The Pakistan Muslim League – Jinnah (Note: پاکستان مسلم لیگ – جناح) (PML–J) was a political party in Pakistan. It was one of the factions of the original Pakistan Muslim League, named after the founder of Pakistan Muhammad Ali Jinnah.

PML – Jinnah was formed by Manzoor Wattoo in 1995 when they parted ways with Wattoo's cousin Hamid Nasir Chattha, who wanted to be the president of his own PML faction, PML – Junejo, which Wattoo was previously a part of. The differences cropped up in the same year when Wattoo was removed as the Punjab Chief Minister in the power struggle between the province (headed by PML–Junejo) and the center (headed by rival PPP), leading Arif Nakai another PML – Junejo candidate to be the new Chief Minister.

In May 2004, PML – Jinnah merged with PML–Q along with other parties to form united PML.
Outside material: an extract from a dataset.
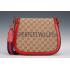 Gucci Lady Web GG Canvas And Red Leather Medium Bag  18926783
However, in the 2008 general election, Manzoor Wattoo and his daughter Rubina Shaheen Wattoo sought elections independently (and won three seats in total). It was later stated that Wattoo will bring back PML – Jinnah and the reason he didn't run on PML – Jinnah ticket was because he failed the deadline to register it with the Election Commission.

In May 2008, Manzoor Wattoo (along with his daughter Rubina Shaheen Wattoo) left Pakistan Muslim League – Jinnah and joined Pakistan People's Party (PPP).